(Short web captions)
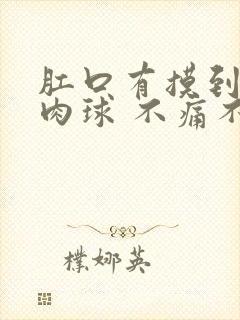 肛口有摸到一颗肉球 不痛不痒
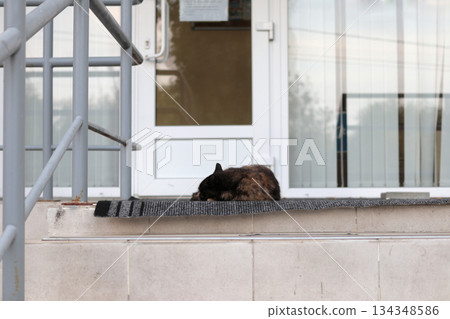 Portrait of tortie cat lying on tiled porch. Portrait of tortie cat lying on tiled porch. 134348586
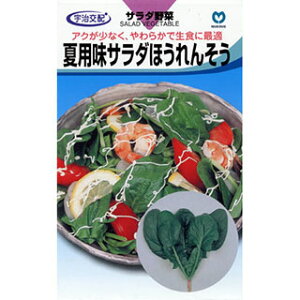 zE\E  y ėpT_ق񂻂 z q ܁i780j i   ؎q ؎ j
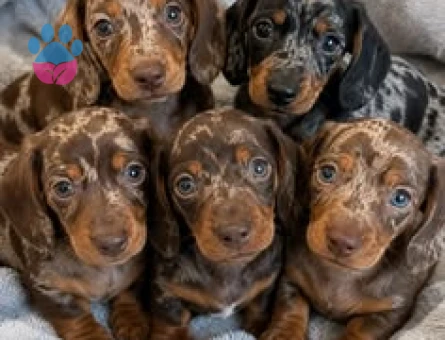 NADİR BULUNAN MERLE DACSHUND SOSİS BEBEKLER - 9952 - Görsel 2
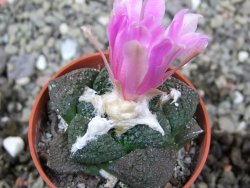 Ariocarpus lloydii Paras, pot 5,5 cm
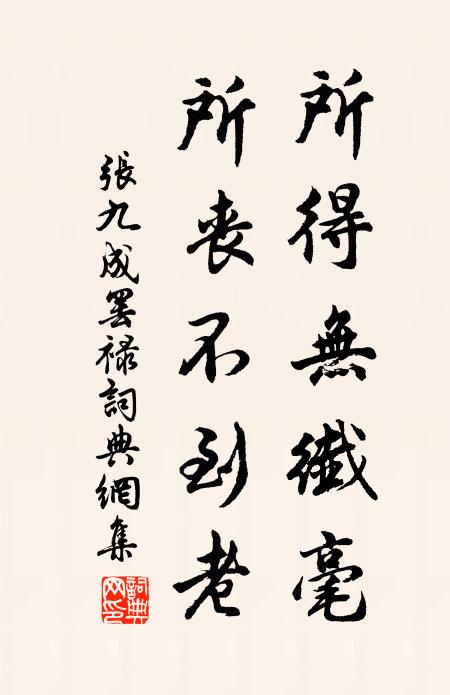 张九成所得无纤毫，所丧不到老书法作品欣赏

* **WHAT THE TASK REQUIRES**:
Only the lines from the one containing "NADİR BULUNAN MERLE" through the last line of the data above, both included, belong in the reply, each restated exactly and without pictures.

* **RESULT**:
 NADİR BULUNAN MERLE DACSHUND SOSİS BEBEKLER - 9952 - Görsel 2
 Ariocarpus lloydii Paras, pot 5,5 cm
 张九成所得无纤毫，所丧不到老书法作品欣赏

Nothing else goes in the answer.